## DATA BLOCK
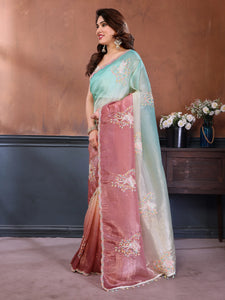 Gorgeous Gold Crush Saree - Fancy Embroidery for Party Wear Women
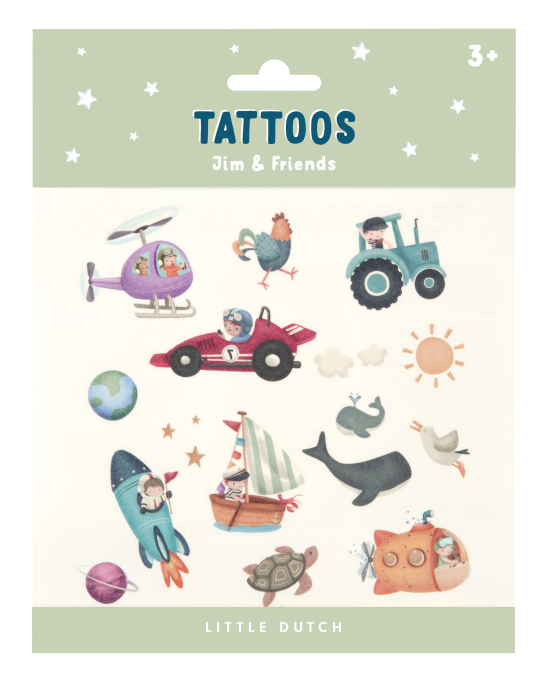 LITTLE DUTCH. Προσωρινά τατουάζ Jim & Friends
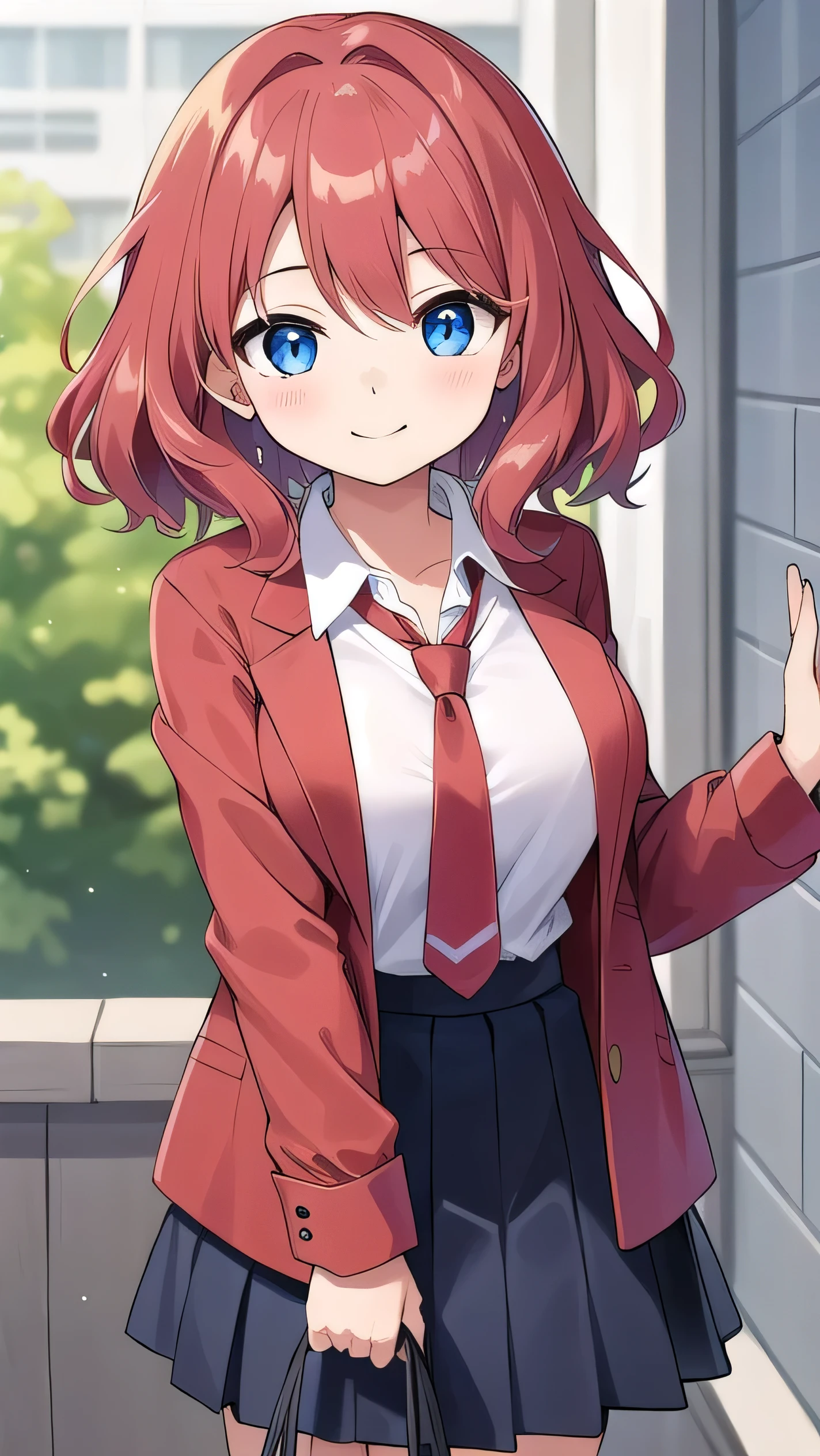 Big breasts, red hair, blue eyes, droopy eyes, red jacket, long sleeves, navy skirt, elementary school student, (super big breasts:1.1), (medium hair: 1.2), baggy clothes, elementary school student, young face, short height, , old, shy A shy guy, smiling a little, trying to open the buttons of his shirt, white shirt, red tie,(straight hair:1.2) , gentle smile, a little smile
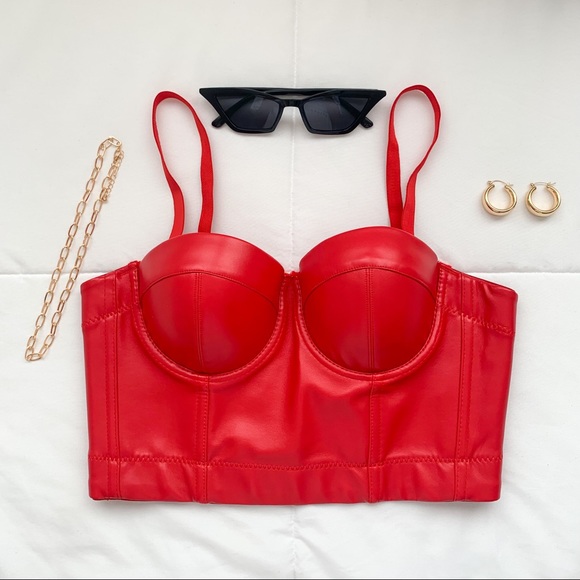 ShopByCarter Tops - faux leather corset bustier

## WORK TO COMPLETE
Give again, word for word, the lines above from the one with "Big breasts, red" through the final line of the data, both ends included. Do not copy any picture.

## RESULT
 Big breasts, red hair, blue eyes, droopy eyes, red jacket, long sleeves, navy skirt, elementary school student, (super big breasts:1.1), (medium hair: 1.2), baggy clothes, elementary school student, young face, short height, , old, shy A shy guy, smiling a little, trying to open the buttons of his shirt, white shirt, red tie,(straight hair:1.2) , gentle smile, a little smile
 ShopByCarter Tops - faux leather corset bustier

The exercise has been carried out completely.